We know that the general series of arithmetic progression is given by \[a,\text{ }a+d,\text{ }a+2d,..a+\left( n-1 \right)d\]
Where a, d and n are the first term, the common difference of the series of arithmetic progression and the number of terms in the series of arithmetic progression.

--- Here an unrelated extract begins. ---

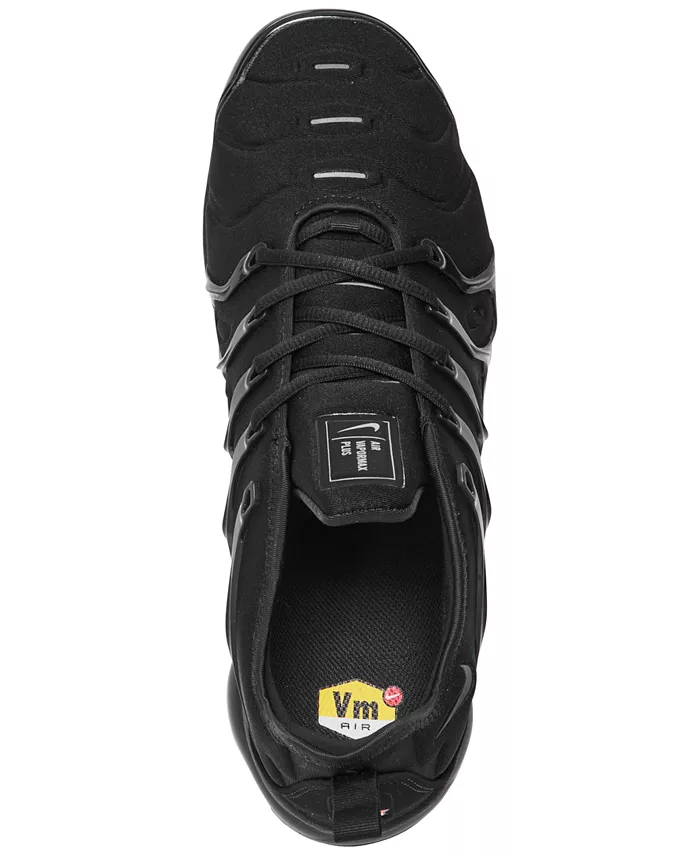 Nike Men's Air VaporMax Plus Running Sneakers From Finish Line Brands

The given \[{{n}^{th}}\] term of arithmetic progression = xn + y
We know from the above series of arithmetic progression that \[{{n}^{th}}\]term of the series is given by the formula a + (n - 1)d
\[\begin{align}
  & xn+\text{ }y=a+\left( n\text{ }-\text{ }1 \right)d \\
 & xn+y-a=\left( n\text{ }-\text{ }1 \right)d \\
\end{align}\]
By rearranging the terms, we get
\[d=\dfrac{xn+y-a}{(n-1)}\] ….. (1)
We know that a is first term of series,
Thus, we get the first term by substituting n = 1 in \[{{n}^{th}}\] term of arithmetic progression = xn + y
The first term fo the given series of AP = x(1) + y = x + y
The value of a = x + y
By substituting the value of a in equation (1), we get
\[d=\dfrac{xn+y-(x+y)}{(n-1)}\]
\[d=\dfrac{xn+y-x-y}{(n-1)}\]
\[d=\dfrac{xn-x}{(n-1)}\]
\[d=\dfrac{x(n-1)}{(n-1)}\]
\[\Rightarrow d=x\]
\[\therefore \] The common difference of the given arithmetic progression = x

Note: The possibility of mistake can be not using the arithmetic progression general series formula to compare and calculate the answer. Using another method of writing series using a pattern method will elongate the process of solving.